- [Requirement] Once you find the line below that has "This one is", output it and every line after it exactly, stopping after the line that has "Harbourview with 11", with no pictures.

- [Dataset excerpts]
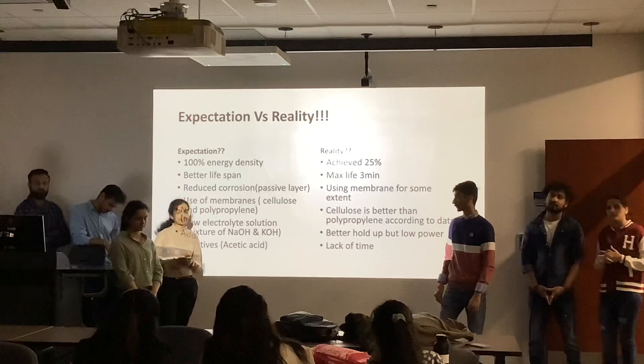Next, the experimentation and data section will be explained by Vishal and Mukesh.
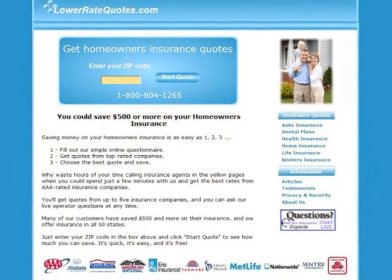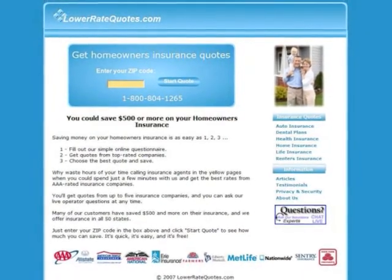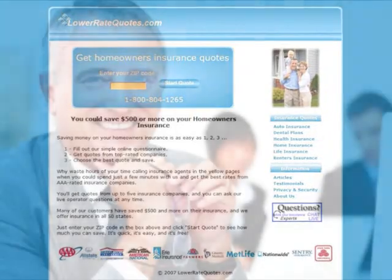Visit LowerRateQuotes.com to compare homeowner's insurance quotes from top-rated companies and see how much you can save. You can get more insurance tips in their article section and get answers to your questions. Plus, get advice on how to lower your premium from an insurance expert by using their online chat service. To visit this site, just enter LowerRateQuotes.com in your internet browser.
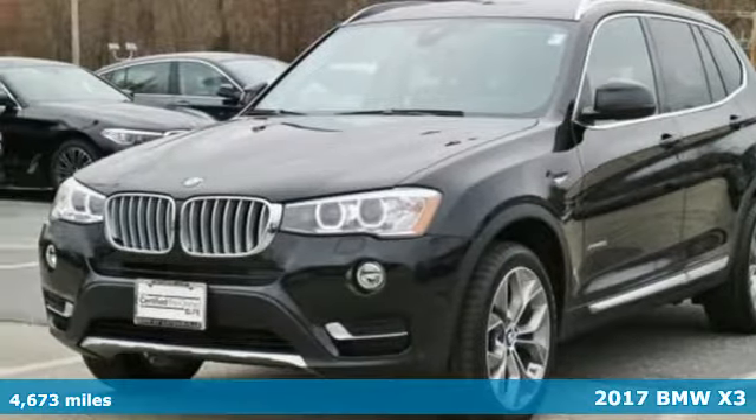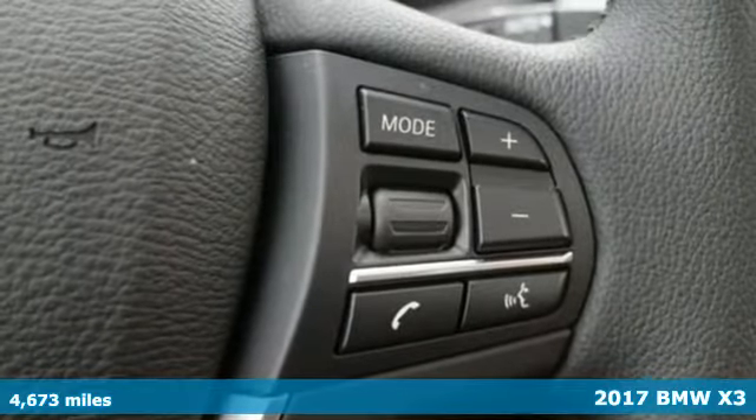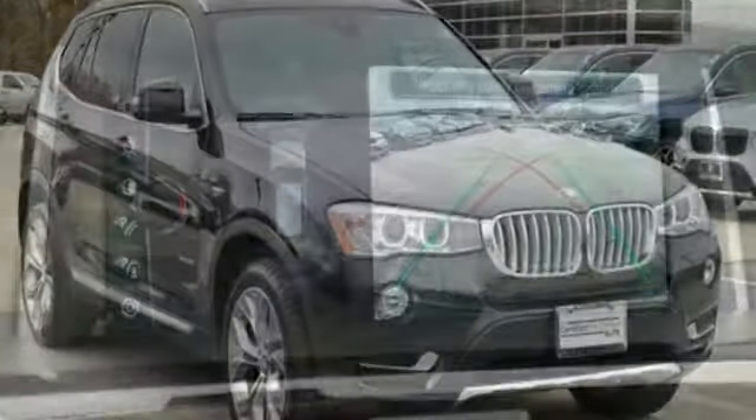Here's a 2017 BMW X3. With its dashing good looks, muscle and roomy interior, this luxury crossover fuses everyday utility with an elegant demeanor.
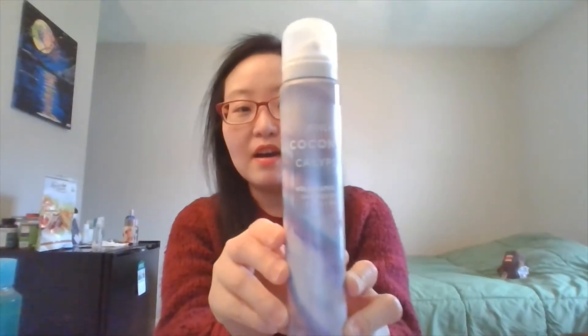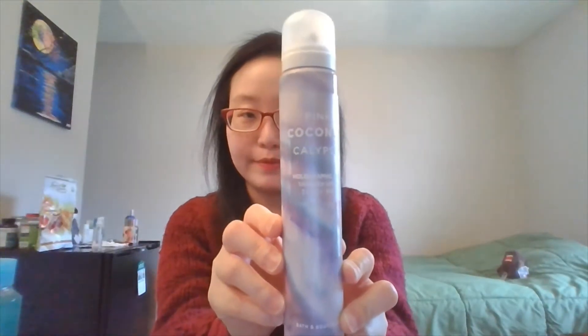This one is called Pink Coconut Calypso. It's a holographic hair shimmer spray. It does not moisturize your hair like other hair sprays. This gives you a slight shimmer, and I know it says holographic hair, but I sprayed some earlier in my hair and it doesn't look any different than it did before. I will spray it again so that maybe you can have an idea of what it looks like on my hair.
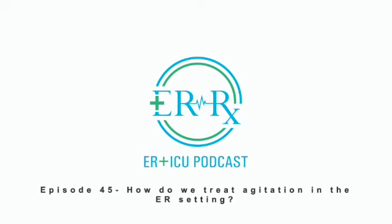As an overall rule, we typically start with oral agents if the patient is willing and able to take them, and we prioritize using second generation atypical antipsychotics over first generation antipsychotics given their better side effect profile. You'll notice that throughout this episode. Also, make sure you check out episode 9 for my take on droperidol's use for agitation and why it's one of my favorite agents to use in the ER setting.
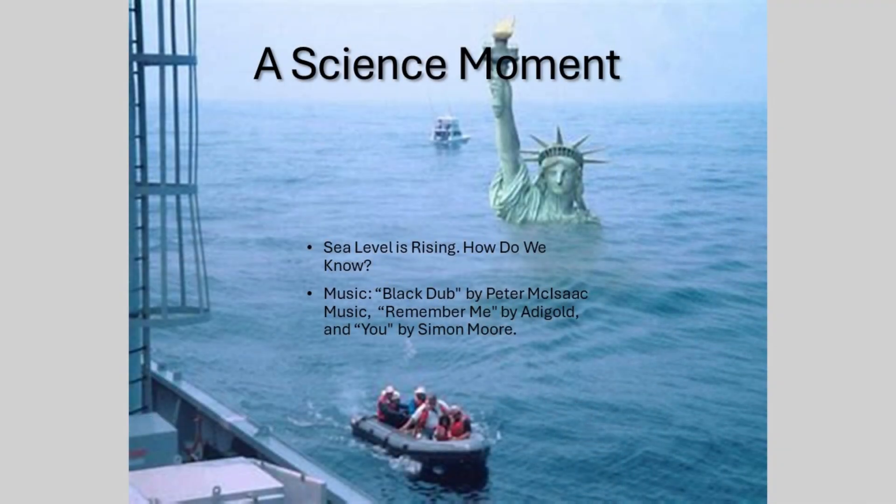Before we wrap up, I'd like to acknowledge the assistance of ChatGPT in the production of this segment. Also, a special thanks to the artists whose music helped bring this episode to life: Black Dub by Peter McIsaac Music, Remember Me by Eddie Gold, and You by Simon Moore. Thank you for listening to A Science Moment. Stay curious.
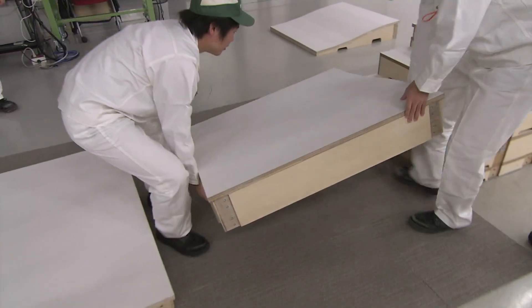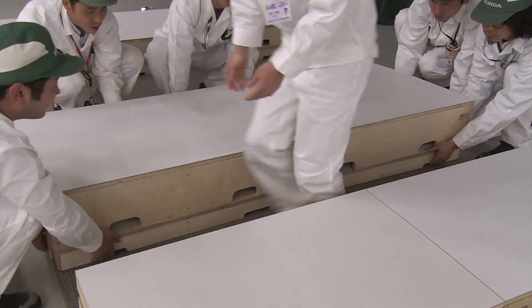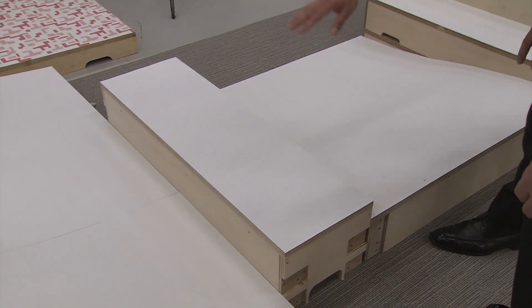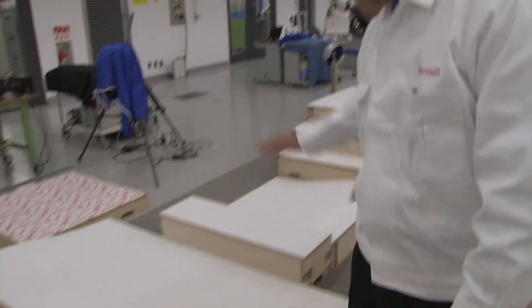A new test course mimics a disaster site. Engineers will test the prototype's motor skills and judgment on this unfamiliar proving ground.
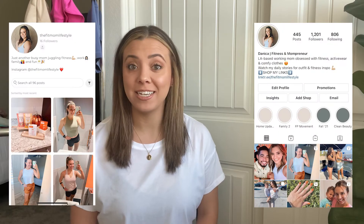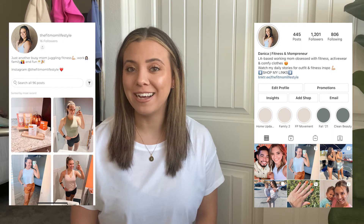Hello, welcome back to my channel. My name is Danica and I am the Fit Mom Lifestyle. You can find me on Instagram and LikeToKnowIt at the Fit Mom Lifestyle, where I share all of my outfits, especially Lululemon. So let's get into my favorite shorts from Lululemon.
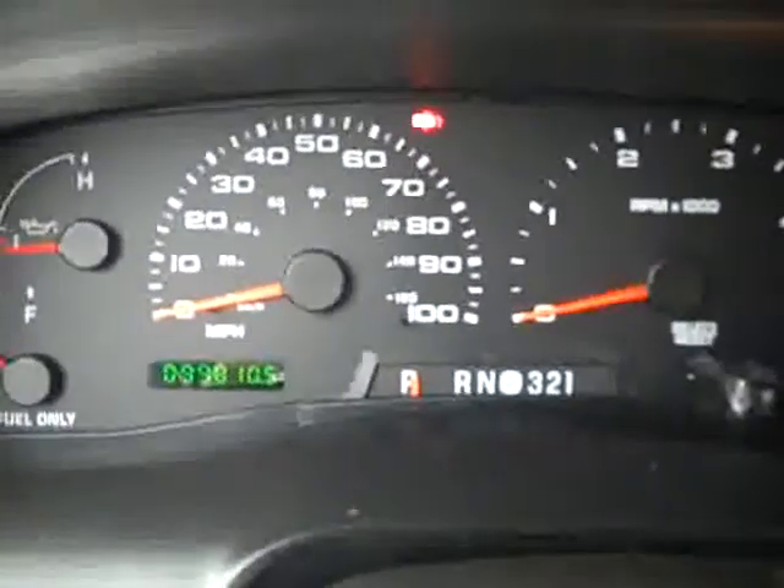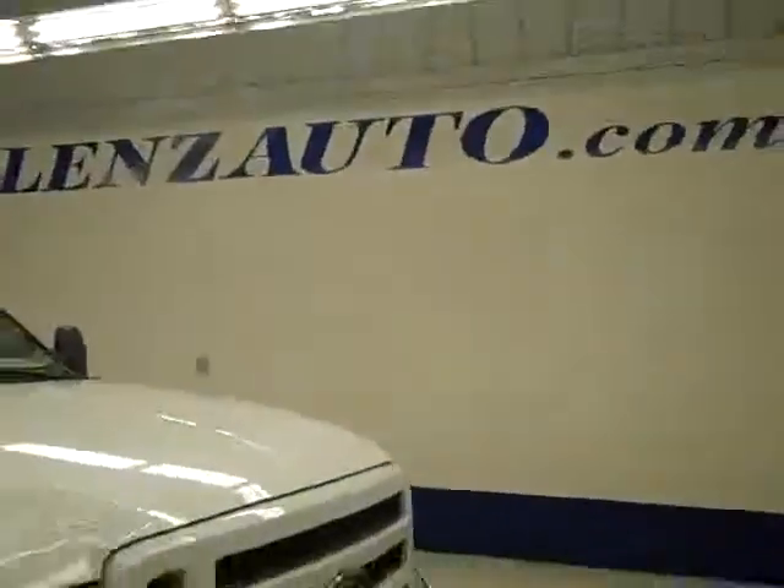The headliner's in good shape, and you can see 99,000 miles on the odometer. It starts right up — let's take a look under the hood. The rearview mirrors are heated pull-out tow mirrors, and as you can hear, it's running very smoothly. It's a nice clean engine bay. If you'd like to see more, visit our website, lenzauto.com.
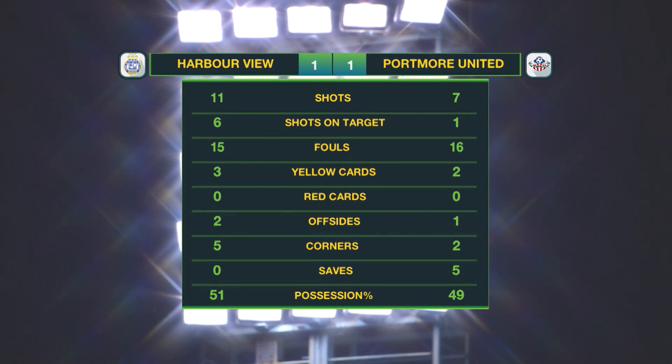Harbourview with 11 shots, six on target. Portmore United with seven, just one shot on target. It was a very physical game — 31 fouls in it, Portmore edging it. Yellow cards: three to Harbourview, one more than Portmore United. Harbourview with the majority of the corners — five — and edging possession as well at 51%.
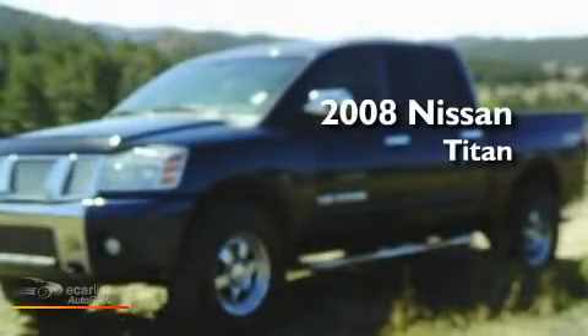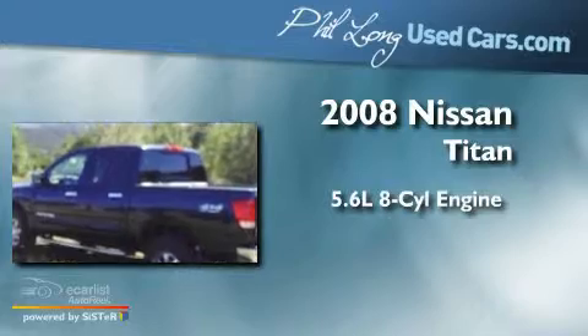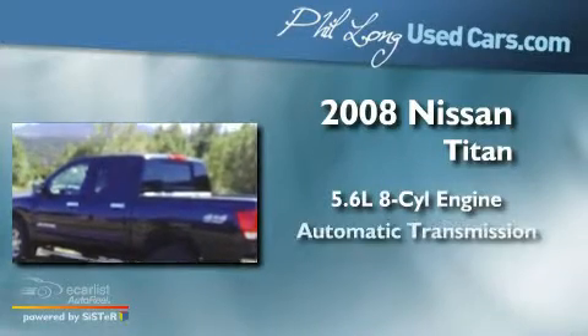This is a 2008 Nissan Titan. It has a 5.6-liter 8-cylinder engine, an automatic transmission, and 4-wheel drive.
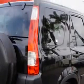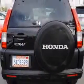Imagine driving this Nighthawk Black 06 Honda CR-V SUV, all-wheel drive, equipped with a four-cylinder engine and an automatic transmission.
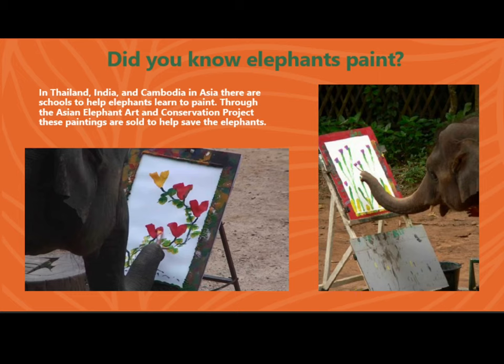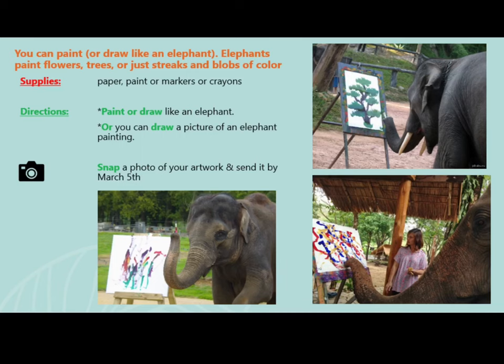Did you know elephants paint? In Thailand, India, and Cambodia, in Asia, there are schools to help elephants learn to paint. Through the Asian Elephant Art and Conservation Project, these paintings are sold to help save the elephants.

- [Task solution]
This one is called Pink Coconut Calypso. It's a holographic hair shimmer spray. It does not moisturize your hair like other hair sprays. This gives you a slight shimmer, and I know it says holographic hair, but I sprayed some earlier in my hair and it doesn't look any different than it did before. I will spray it again so that maybe you can have an idea of what it looks like on my hair.
As an overall rule, we typically start with oral agents if the patient is willing and able to take them, and we prioritize using second generation atypical antipsychotics over first generation antipsychotics given their better side effect profile. You'll notice that throughout this episode. Also, make sure you check out episode 9 for my take on droperidol's use for agitation and why it's one of my favorite agents to use in the ER setting.
Before we wrap up, I'd like to acknowledge the assistance of ChatGPT in the production of this segment. Also, a special thanks to the artists whose music helped bring this episode to life: Black Dub by Peter McIsaac Music, Remember Me by Eddie Gold, and You by Simon Moore. Thank you for listening to A Science Moment. Stay curious.
A new test course mimics a disaster site. Engineers will test the prototype's motor skills and judgment on this unfamiliar proving ground.
Hello, welcome back to my channel. My name is Danica and I am the Fit Mom Lifestyle. You can find me on Instagram and LikeToKnowIt at the Fit Mom Lifestyle, where I share all of my outfits, especially Lululemon. So let's get into my favorite shorts from Lululemon.
The headliner's in good shape, and you can see 99,000 miles on the odometer. It starts right up — let's take a look under the hood. The rearview mirrors are heated pull-out tow mirrors, and as you can hear, it's running very smoothly. It's a nice clean engine bay. If you'd like to see more, visit our website, lenzauto.com.
Harbourview with 11 shots, six on target. Portmore United with seven, just one shot on target. It was a very physical game — 31 fouls in it, Portmore edging it. Yellow cards: three to Harbourview, one more than Portmore United. Harbourview with the majority of the corners — five — and edging possession as well at 51%.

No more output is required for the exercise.